## WHAT YOU WILL DO
Repeat verbatim, and only, the lines of the data below, beginning at the line that contains "Funny Chrismtas Character" and stopping after the line that contains "Polo Ralph Lauren Polo".

## MATERIAL FOR THIS EXERCISE
══════════

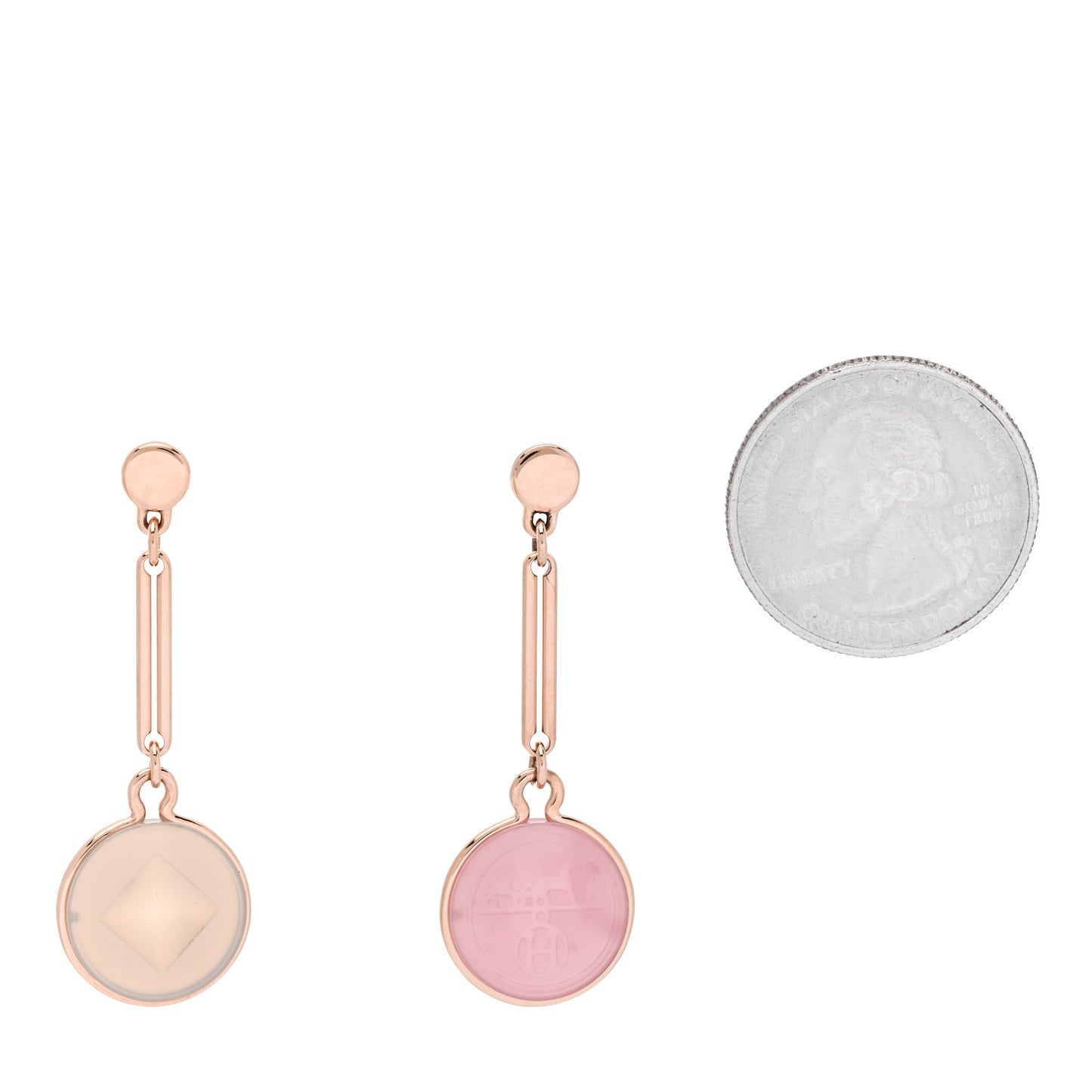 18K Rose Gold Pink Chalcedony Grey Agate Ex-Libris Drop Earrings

══════════

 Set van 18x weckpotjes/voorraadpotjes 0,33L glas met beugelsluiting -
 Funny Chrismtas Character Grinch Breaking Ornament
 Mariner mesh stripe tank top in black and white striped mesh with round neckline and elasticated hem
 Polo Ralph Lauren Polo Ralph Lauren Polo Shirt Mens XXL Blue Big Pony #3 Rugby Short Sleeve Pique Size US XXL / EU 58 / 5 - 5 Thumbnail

══════════

## RESPONSE BELOW
 Funny Chrismtas Character Grinch Breaking Ornament
 Mariner mesh stripe tank top in black and white striped mesh with round neckline and elasticated hem
 Polo Ralph Lauren Polo Ralph Lauren Polo Shirt Mens XXL Blue Big Pony #3 Rugby Short Sleeve Pique Size US XXL / EU 58 / 5 - 5 Thumbnail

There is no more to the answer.